Decision to hospitalize – Most children with urinary tract infection (UTI) can be managed as outpatients. Indications for hospitalization include age <2 months, clinical urosepsis, immunocompromised patient, vomiting or inability to tolerate oral medication, lack of outpatient follow-up, and failure to respond to outpatient therapy. (See 'Decision to hospitalize' above.)

Empiric antimicrobial therapy – Empiric antimicrobial therapy immediately after appropriate urine collection is warranted in children with a high probability of UTI based on the clinical and laboratory data available (ie, "high risk" per UTICalc). This is particularly true for young children with fever (especially if >39°C [102.2°F] or >48 hours), ill appearance, costovertebral angle tenderness, known immune deficiency, or known urologic abnormality. (See 'Empiric therapy' above.)

We recommend that empiric therapy for UTI in children include an antibiotic that provides adequate coverage for Escherichia coli (Grade 1B). The agent of choice should be guided by local resistance patterns. Definitive therapy is based upon the results of urine culture and sensitivities. (See 'Choice of regimen' above.)

We suggest a cephalosporin as the first-line oral agent in the treatment of UTI in children without genitourinary abnormalities (Grade 2A). Amoxicillin or ampicillin should be added if enterococcal infection is suspected. (See 'Oral therapy' above.)

-For children with a high likelihood of renal involvement (ie, fever >39°C [102.2°F] with or without back pain), we use a second-generation (eg, cefuroxime) or third-generation cephalosporin (eg, cefixime, cefdinir, ceftibuten).

-For children with low risk of renal involvement (eg, fever ≤39°C [102.2°F], not toxic-appearing), we prefer a first-generation cephalosporin (eg, cephalexin) provided that the local resistance of E. coli to first-generation cephalosporins is not increased.

Cephalosporins (eg, cefotaxime, ceftriaxone, cefepime) and aminoglycosides (eg, gentamicin) are appropriate first-line parenteral agents for empiric treatment of UTI in children. (See 'Parenteral therapy' above.)

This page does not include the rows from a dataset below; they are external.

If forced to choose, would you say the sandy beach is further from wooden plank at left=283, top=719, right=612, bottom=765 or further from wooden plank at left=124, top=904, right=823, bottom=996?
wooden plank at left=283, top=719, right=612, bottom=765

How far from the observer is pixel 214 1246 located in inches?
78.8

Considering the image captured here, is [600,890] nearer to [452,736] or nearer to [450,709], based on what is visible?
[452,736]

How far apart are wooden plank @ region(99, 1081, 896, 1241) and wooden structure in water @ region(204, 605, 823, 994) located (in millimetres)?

Duration of therapy – The duration of therapy depends upon the age of the child and the clinical scenario. (See 'Duration of therapy' above.)

Febrile children are usually treated for 10 days

Afebrile children are usually treated for shorter periods (3 to 5 days) (see 'Duration of therapy' above and "Acute infectious cystitis: Clinical features and diagnosis in children older than two years and adolescents")

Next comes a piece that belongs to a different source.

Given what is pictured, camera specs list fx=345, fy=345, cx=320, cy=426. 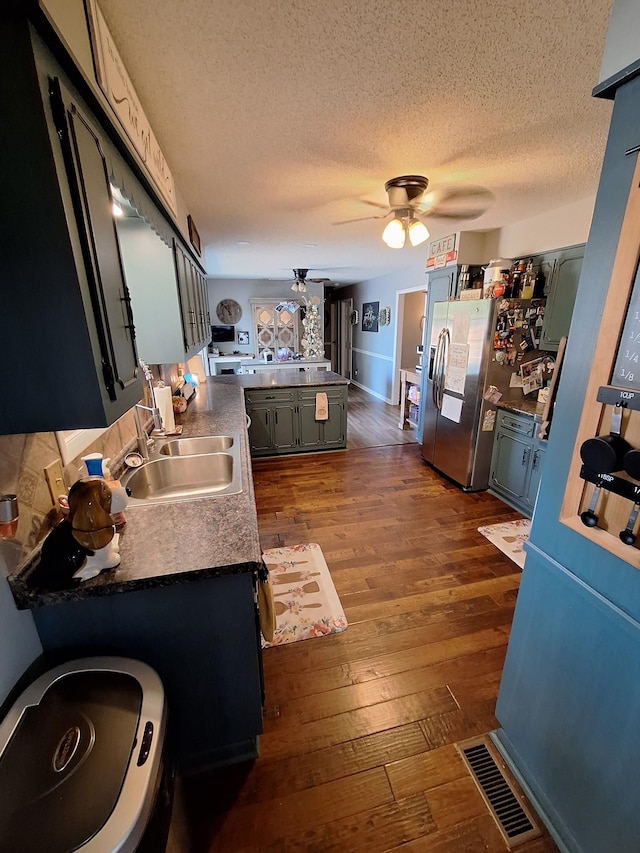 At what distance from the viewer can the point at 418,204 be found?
2.40m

Response to therapy – The clinical condition of most patients improves within 24 to 48 hours of initiation of appropriate antimicrobial therapy. (See 'Clinical response' above.)

In children whose clinical condition worsens or fails to improve as expected within 48 to 72 hours of initiation of antimicrobial therapy, broadening of empiric therapy may be indicated. Renal bladder ultrasonography (RBUS) should be performed as soon as possible to evaluate the presence of renal abscess or surgically correctable anatomic abnormalities or obstruction. (See 'Clinical response' above.)

Imaging

RBUS – We obtain routine RBUS after first febrile UTI in children younger than two years who did not have normal prenatal ultrasonography at a reputable center at >30 to 32 weeks of gestation. We also obtain RBUS for children of any age with recurrent febrile UTIs and children of any age with a first UTI who have poor growth, hypertension, or a family history of renal or urologic disease. (See 'Ultrasonography' above.)

VCUG – We obtain voiding cystourethrogram (VCUG) to diagnose vesicoureteral reflux (VUR) in children of any age with ≥2 febrile UTIs. We also obtain VCUG in children of any age with a first febrile UTI and:

-Any anomalies on renal ultrasound, or

-The combination of temperature ≥39°C (102.2°F) and a pathogen other than E. coli, or

-Poor growth or hypertension. (See 'Voiding cystourethrogram' above.)

Prognosis – The majority of children with UTI have no long-term sequelae. Prediction of long-term sequelae in children with UTI remains difficult. (See 'Prognosis' above.)